> **Exercise**
Quote the records exactly, starting at the first line and stopping after the line with "Ivicoer Sweater Vest"; skip the pictures.

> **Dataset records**
Content starts
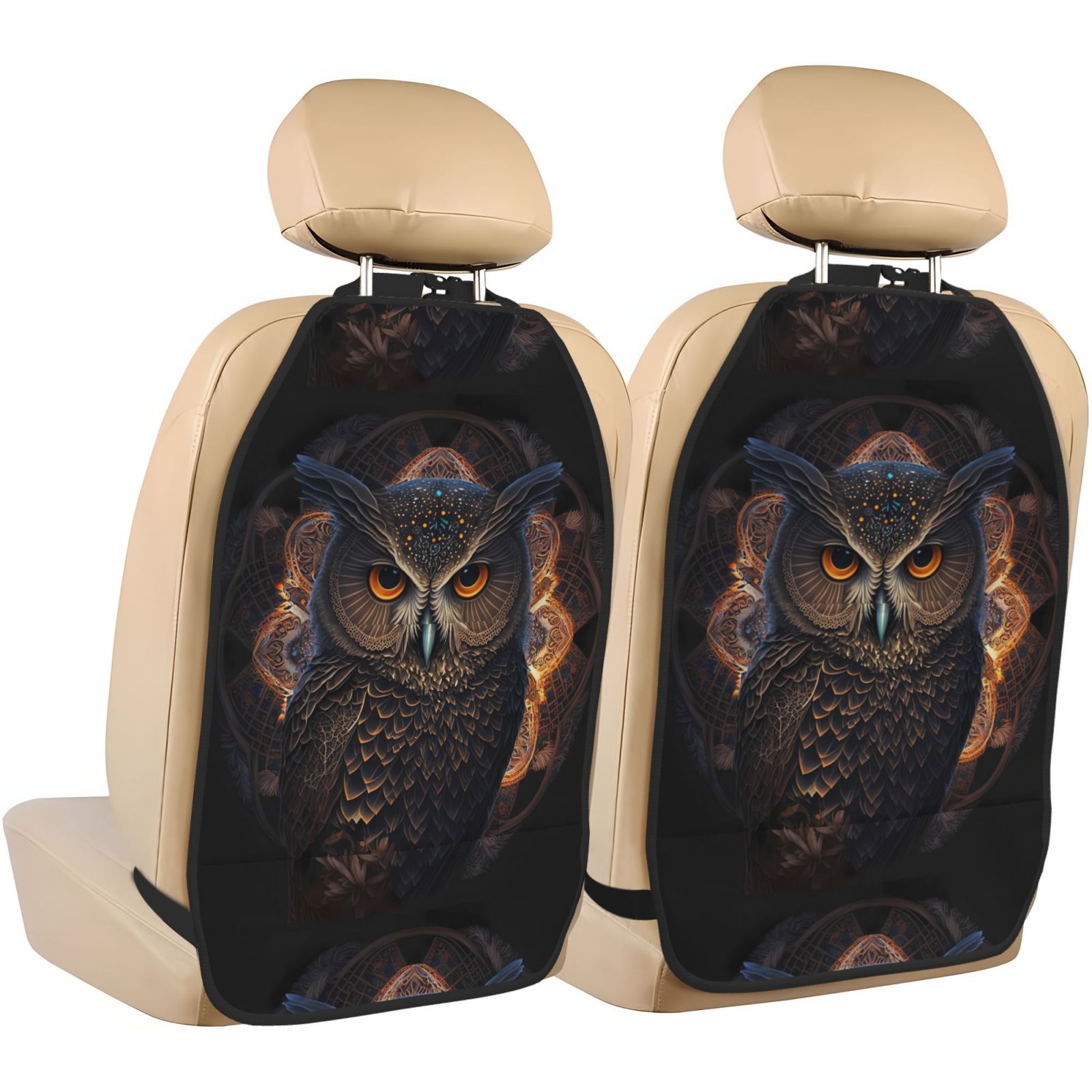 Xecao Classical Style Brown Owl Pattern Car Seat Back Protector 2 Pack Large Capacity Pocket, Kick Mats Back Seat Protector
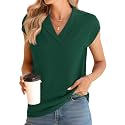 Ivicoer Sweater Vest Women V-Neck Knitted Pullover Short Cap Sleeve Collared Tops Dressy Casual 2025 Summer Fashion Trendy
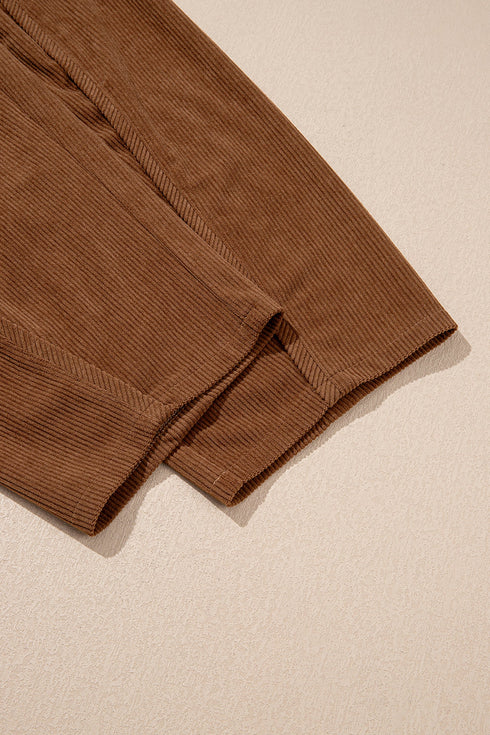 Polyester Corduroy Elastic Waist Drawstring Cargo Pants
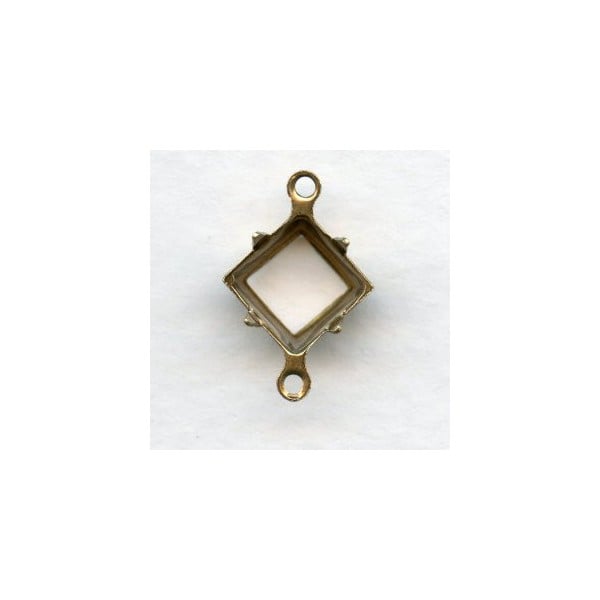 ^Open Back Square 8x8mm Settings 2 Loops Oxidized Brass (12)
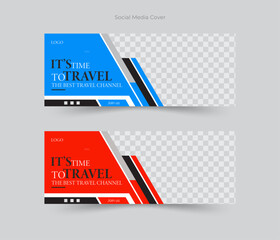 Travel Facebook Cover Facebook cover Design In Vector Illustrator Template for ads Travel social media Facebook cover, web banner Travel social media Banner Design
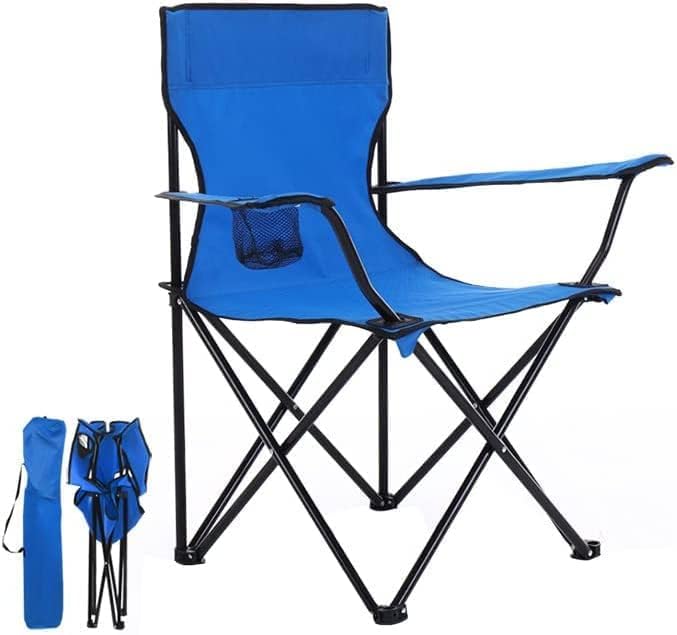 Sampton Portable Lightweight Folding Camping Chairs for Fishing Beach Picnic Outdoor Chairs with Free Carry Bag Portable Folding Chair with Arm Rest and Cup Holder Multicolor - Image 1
Content ends
> **Response**
 Xecao Classical Style Brown Owl Pattern Car Seat Back Protector 2 Pack Large Capacity Pocket, Kick Mats Back Seat Protector
 Ivicoer Sweater Vest Women V-Neck Knitted Pullover Short Cap Sleeve Collared Tops Dressy Casual 2025 Summer Fashion Trendy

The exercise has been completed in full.